One of the guys who gives me regular lessons in rifle-shooting humility is a retired Maine state trooper and a competitive shooter of 40 or so years’ experience. I believe he’s rated either Master or High Master, and has been a regular at Camp Perry, so when he speaks, I listen.

I was whining about the everlasting gun cleaning to which I am sentenced, and he said that he, and other shooters he knows, clean their competition guns only after 300-400 rounds (we were talking about the .308; it would probably be less for smaller bore sizes) have gone through them. No sweat, he said; eventually you’ll see your groups widen, or shots go astray that you can’t account for, and then it’s time to clean. Aside from that, why worry?

Well!, as Jack Benny used to say. This sounded to me like not brushing your teeth for three or four months, or Hillary Clinton not picking up any stray cash that was lying around, or Donald Trump not repeating everything twice. He says everything two times. I was going to try it (not cleaning my guns; saying everything twice can wait), but then I chickened out.

I’ve seen rifles go without cleaning for a long time. When I shot in summer-camp .22 programs the rimfires we used were not cleaned between May and August, and had thousands of rounds put through them with no visible effects. But that was .22s, which don’t copper foul.

The problem with going a long time between cleanings is twofold: First, you’re going to lose accuracy, inevitably, and possibly at a very inconvenient time. Second, depending on how badly your rifle fouls, you may be faced with one hell of a job getting it clean again. The .416 of which I have written lately is a trial and a tribulation after only 30 rounds. What it would be like after ten times that number causes one to cringe.

So I will stick to cleaning the sporting rifles every time I shoot them and the match rifles after every 60 rounds, and put up with it. Not cleaning seems creepy, unnatural, and possibly un-American.

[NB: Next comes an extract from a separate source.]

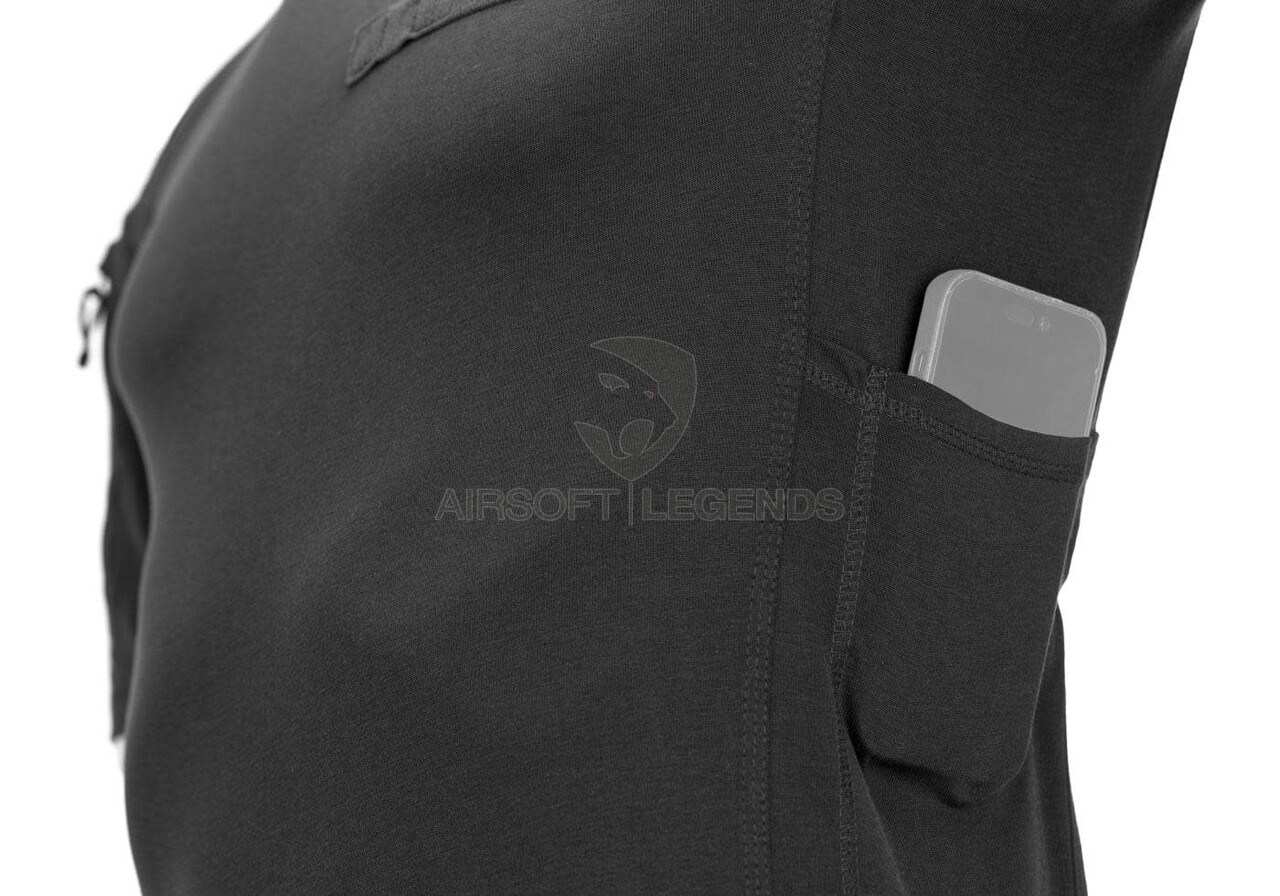 Clawgear Instructor Shirt MK III LW Black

*Donald Trump’s first act after he figures out where the White House bathroom is will be to outlaw all words of more than two syllables and require everyone to repeat everything they say. We’ll have to use short words and say everything twice. So I’m using up all my polysyllables beforehand. Since Mrs. Clinton already knows where the bathrooms are, she will immediately revoke the First and Second Amendments and have Bill sent to Guantanamo as a precautionary measure.